Research & Papers

Probability's Evolution Mirrors Rationality: Bayesian vs Fuzzy vs Deep Learning

A 44-page arXiv paper argues that probability, fuzzy logic, and deep learning each define a distinct form of reason.

Deep Dive

The paper, authored by eight researchers including Jean-Louis Le Mouël and Vincent Courtillot, spans 44 pages and offers a sweeping historical-epistemological analysis. It begins with the origins of probability in Pascal and Fermat's work on games of chance, then moves through Bayes and Laplace's inductive logic, Poisson's statistics, and Kolmogorov's axiomatic formalization. This arc culminates in modern Bayesian inference, particularly Tarantola's view of probability as a logic of information—where prior knowledge and data are coherently combined. However, the authors identify a fundamental limit: probability quantifies uncertainty about well-defined propositions but cannot formalize the vagueness of the concepts used to describe propositions.

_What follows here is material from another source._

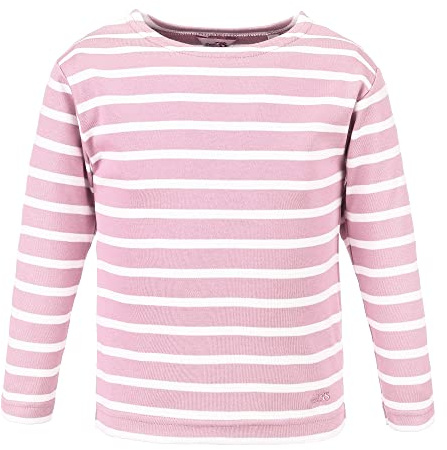 modAS Bretonisches Shirt für Kinder - Longsleeve Pullover Langarm Shirt mit Streifen Mädchen Jungen aus Baumwolle in Rosa/Weiß Größe 152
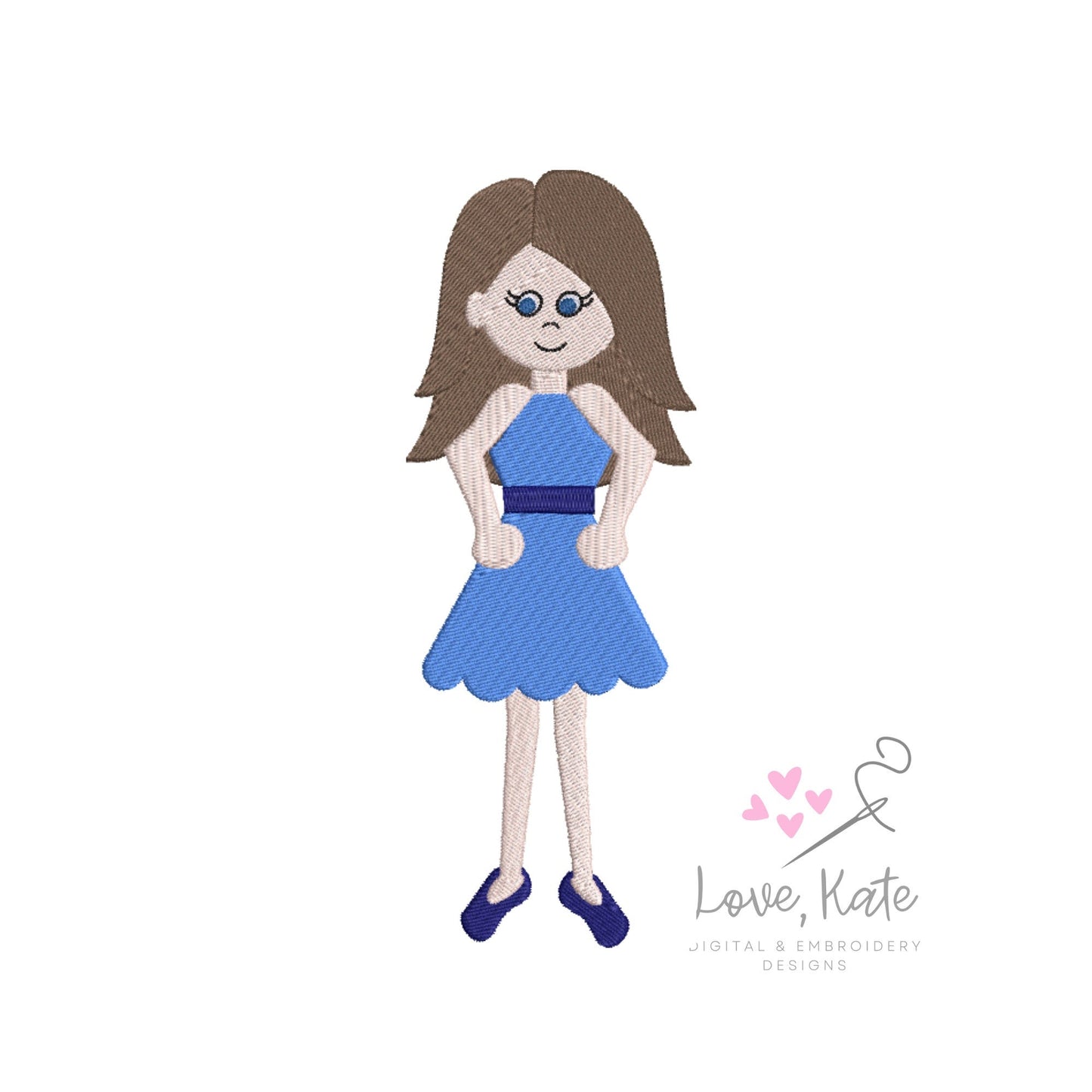 The Mix & Match People Embroidery Collection | Woman + Long Hair + Dress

To address this gap, the paper introduces fuzzy logic as a rigorous language for graded meaning and qualitative judgment, and analyzes deep learning as a distinct mode of prediction based on geometric interpolation and optimization—not explicit inference. By situating all three frameworks—probability, fuzzy logic, and deep learning—in a common historical and epistemological perspective, the authors argue that contemporary scientific rationality cannot be reduced to data-driven performance alone. Instead, it requires the explicit articulation of uncertainty, vagueness, and inference. The paper serves as a timely reminder that AI tools based solely on deep learning lack the probabilistic and logical foundations essential for truly rational decision-making.

Key Points
  • Traces probability from Pascal/Fermat (17th c.) to Kolmogorov's axioms (1930s) to Tarantola's Bayesian logic of information.
  • Contrasts probability (quantifies uncertainty), fuzzy logic (quantifies vagueness), and deep learning (geometric interpolation without explicit reasoning).
  • Argues that modern scientific rationality must combine all three frameworks, not just optimize for data-driven performance.

Why It Matters

Deep learning alone can't reason—this paper shows why combining probability, fuzzy logic, and AI is essential for true rationality.